It should be noted that questions at a stages in an adaptive test may be provided in a variety of ways. For example, each stage could consist of a single question, where an examinee is routed based on a score generated for the examinee's response to that single question. Such a configuration could be viewed as having many stages. Alternatively, a block of questions may be provided at a single stage, and the examinee may be routed based on their scores for that block of multiple questions at the stage. The questions of such a stage could be dictated by a form model. As another example, blocks of questions for a stage could be of varying length, with the length of a block provided being determined based on an IRT ability estimate. In other words, a number of questions are provided at a stage until a degree of confidence is reached in the forthcoming classification for the next stage.

Communications between the examinee and the adaptive test generator 902 (i.e., the modality of the stimulus and response) may take a variety of forms or combination of forms in addition to the transmission of questions and receipt of answers using text or numbers as described above. For example, communications may be performed using audio and speech. A test item prompt may be provided to an examinee via recorded speech or synthesized speech. An examinee could respond vocally, and the examinee's speech could be captured and analyzed using speech recognition technology. The content of the examinee's speech could then be evaluated and scored, and a next question could be provided to the examinee based on the determined score. Communications may be performed numerically, graphically, aurally, in writing, or in a variety of other forms.

FIG. 10 depicts an exemplary computer-implemented method of assigning an examinee to one of a plurality of scoring levels based on an adaptive exam that generates one or more questions of the exam subsequent to the start of administration of the exam to the examinee.

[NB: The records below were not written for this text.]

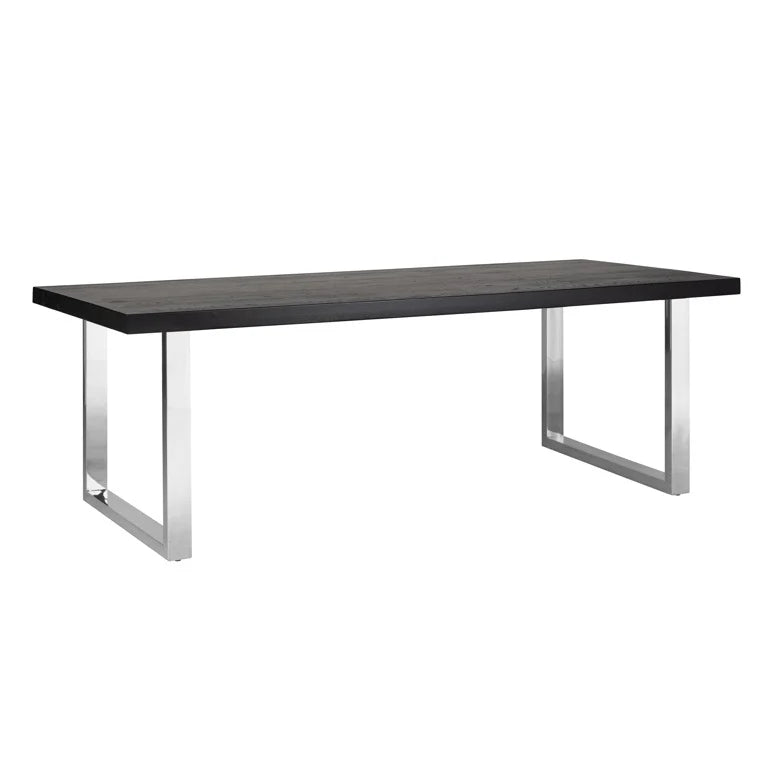 Dining table 230cm with sliver u-leg (Black)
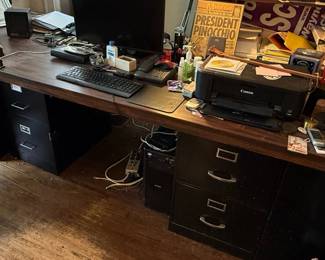 Large Executive Desk with Filing Cabinet Base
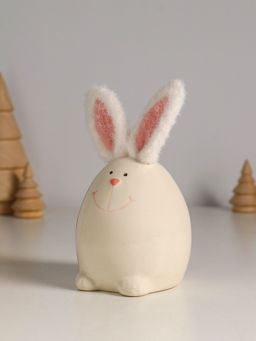 Фигурка керамика, текстиль Зайчик в форме яйца, белый, 7.2?7.2?12.5 см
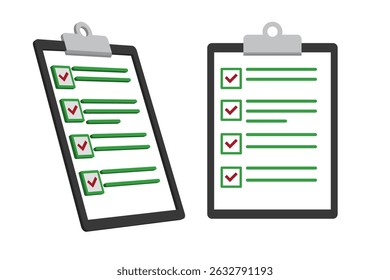 Illustration of two clipboards with completed checklists, featuring green lines and red check marks on white paper.
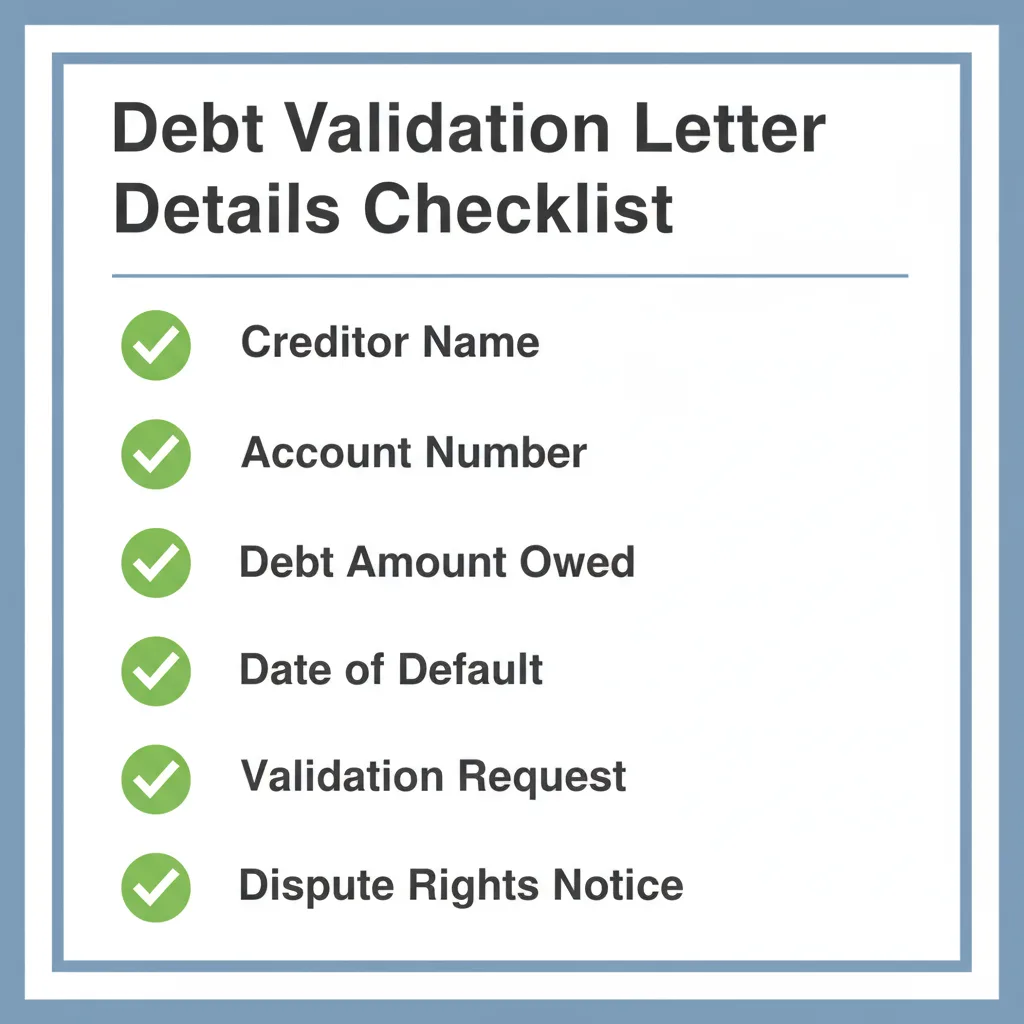 Checklist of details commonly addressed in a Debt Validation Letter.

At 1002, a first exam question is provided to the examinee, a first exam answer is received from the examinee, and a score is generated for the received first exam answer, where the first exam question requests a constructed response from the examinee, and the first exam answer is a constructed response. At 1004, a second exam question is generated subsequent to receiving the first exam answer, where a difficulty of the second exam question is based on the score for the first exam answer. At 1006, the second exam question is provided to the examinee, a second exam answer is received from the examinee, and a score is generated for the second exam answer. At 1008, the examinee is assigned to one of the plurality of scoring levels based on the score for the first exam answer and the second exam answer. The examinee is excluded from assignment to one or more of the plurality of scoring levels based on the first exam answer without consideration of the second exam answer.

FIGS. 11A, 11B, and 11C depict example systems for an adaptive test generator. For example, FIG. 11A depicts an exemplary system 1100 that includes a stand alone computer architecture where a processing system 1102 (e.g., one or more computer processors) includes a system for generating an adaptive test 1104 being executed on it. The processing system 1102 has access to a computer-readable memory 1106 in addition to one or more data stores 1108. The one or more data stores 1108 may contain pre-generated exam questions 1110 as well as item models 1112.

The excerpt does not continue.